05 septembre 2019, le président de la République Patrice Talon fait le ménage dans son équipe gouvernementale. On enregistre des partants mais aussi de nouveaux entrants. Ce vent de remaniement a emporté Marie-Odile Attanasso pour faire venir Eléonore Yayi Ladékan au poste de Ministre de l’Enseignement Supérieur et de la Recherche Scientifique (MESRS).

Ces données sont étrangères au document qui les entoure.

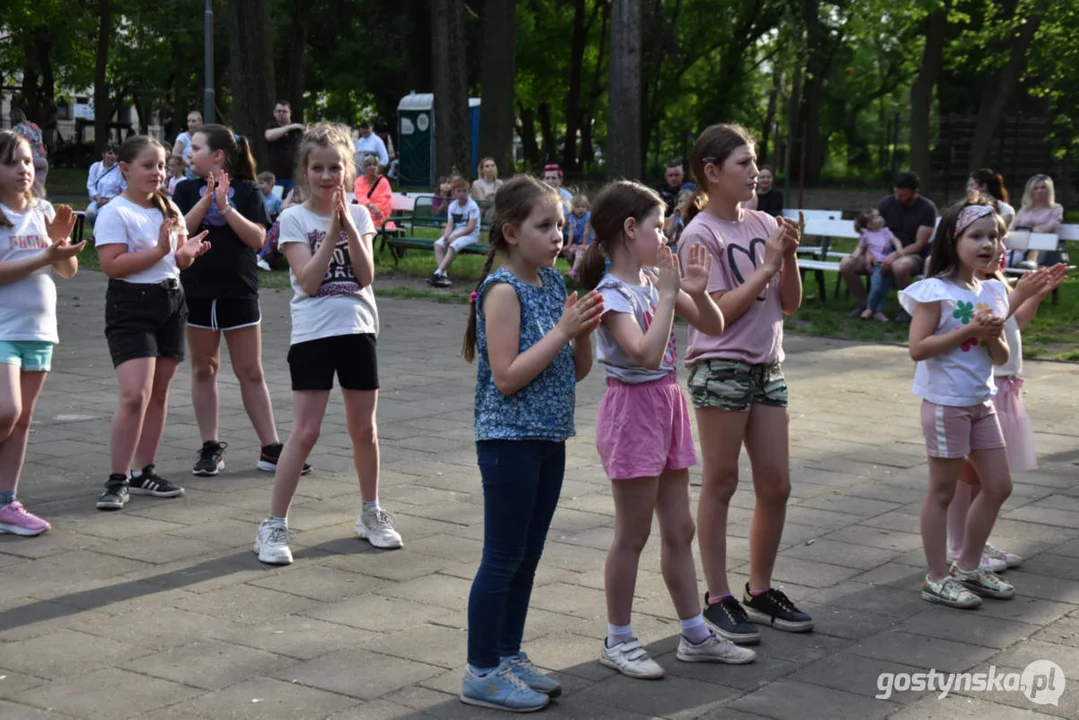 Radosne obchody Święta Narodowego Konstytucji 3 Maja w Pogorzeli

Mais le hic, la nouvelle ministre est membre de l’actuelle équipe rectorale de l’Université d’Abomey-Calavi au poste de 3ième vice-recteur en charge de la coopération universitaire et de l’insertion professionnelle. Une préoccupante question hante l’esprit de la communauté universitaire : comment procéder au remplacement de Eléonore Yayi Ladékan ? Pour élucider le sujet, une rétrospective s’impose. Le 20 septembre 2018, le gouvernement de la rupture met le feu aux poudres avec un décret présidentiel N°2018-441 qui annonce des « mesures transitoires à la mise en œuvre de la réforme de la gouvernance des universités publiques du Bénin ». La réaction de l’intersyndicale des UNB ne s’est pas fait attendre. Suspectant une décision pareille avant qu’elle ne sorte des couloirs de la Marina, les enseignants du Supérieur avaient déjà fixé des banderoles dans des lieux stratégiques des universités publiques, notamment à l’UAC. Au moment où ils affûtent leurs armes, la détonation se produit. Cette détonation intervient au Conseil des ministres du 30 Janvier 2019 qui nomme les responsables des différentes entités de formation dans les UNB, avec l’effet d’une dynamite semblable à ce qu’on voit dans les mines d’exploitation de pierres précieuses. Précieuse, la démocratie universitaire est ébranlée et dès lors les syndicats bombent le torse. S’en suit alors des mouvements de mécontentement. Quel lien avec Eléonore Yayi Ladékan, demanderiez-vous certainement ? La réponse est aussi une question : comment organise-t-on sa succession dans une telle ambiance ? Loin des enjeux géopolitiques internationaux, il s’agit ici d’une question de confiance. Comment restaurer la confiance entre l’université et le gouvernement ? Comment maintenir la cohésion de l’équipe da Cruz et lui assurer un heureux mandat comme son prédécesseur ?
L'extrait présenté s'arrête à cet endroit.